A ​state court has granted a Kansas-based trophy hunting group’s request for a wolf hunt in Wisconsin for the remaining weeks of February. It’s a terrible decision that could result in the slaughter of hundreds of wolves in a matter of weeks, including by such cruel methods as trapping and hounding, during their breeding season. ​​And it proves that now, more than ever, gray wolves need federal protections restored to protect them from short-sighted and lethal state management---an outcome we're fighting for in federal court.

The ​trophy hunting group filed its lawsuit last week after Wisconsin’s Department of Natural Resources and Natural Resources Board decided not to hold an early 2021 wolf hunt. Our legal team, joined by allied organizations, immediately filed a brief with the court explaining that Wisconsin law does not require the state to rush into an immediate hunt without due regard to science and public values, or consultation with sovereign tribes. Unfortunately, the ​court rejected this sound argument and instead allowed the hunt to proceed. The DNR has indicated that it intends to appeal today’s ruling, and we will support the continued fight to prevent a February massacre.

Even during a regular trophy hunting season, trophy hunting is devastating for wolf populations. Killing a single wolf can cause entire families to break apart and lead to young pups, still dependent on their mothers, dying of starvation or predation. The last time wolves were delisted, between 2013 and 2015, as many as 70 to 80 percent were killed in cruel neck snares and leghold traps. Neck snares are particularly barbaric and can cause a brutal and painful death. Additionally, a recent Wisconsin-based study found that allowing the trophy hunting and trapping of wolves can lead to an increase in poaching. But the February hunt ordered today—something that has never occurred in Wisconsin—is particularly cruel, as it would overlap with breeding season and when female wolves are well into their pregnancies. The last thing these animals need is to be in the crosshairs of trophy hunters.

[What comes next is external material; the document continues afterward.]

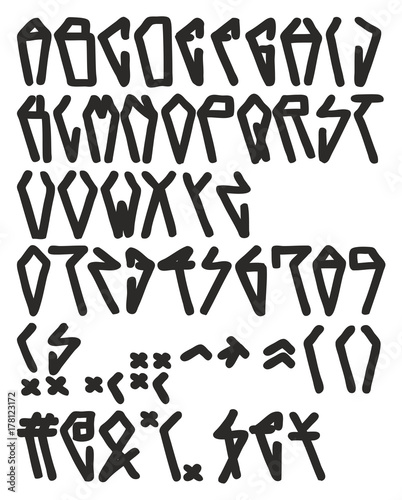 Mexican Style Graffiti Tag Fat Cap Freehand Vector Font with Uppercase Letters, Numbers & Signs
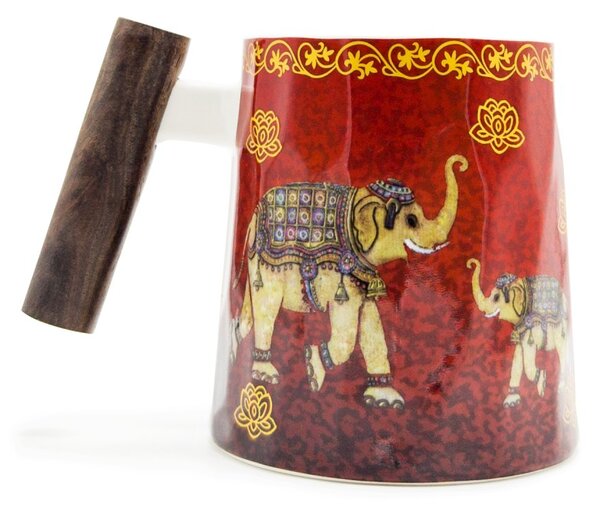 Porcelánový hrnek Tea Logic Sloní štěstí, červený, dřevěná rukojeť, zlaté ornamenty, 400 ml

​​The ruling today was an unfortunate setback, but we ​will continue the fight ​to keep wolves protected from those who would immediately rush to exploit them. In addition to suing the U.S. Fish and Wildlife Service to restore Endangered Species Act protections for wolves, which would stop Wisconsin from continuing this senseless slaughter, we also intend to hold the state DNR to its commitments to engage in a transparent and science-based process to rethink its badly outdated wolf management scheme. Wolf populations remain fragile across the United States. As ​this case illustrates, trophy hunting groups ​are fearful that our lawsuit will succeed in overturning the delisting decision and are getting more and more aggressive and vocal in their efforts to mow ​wolves down ​while they still can​. We are just as relentless in standing up for wolves, however, and we don't give up.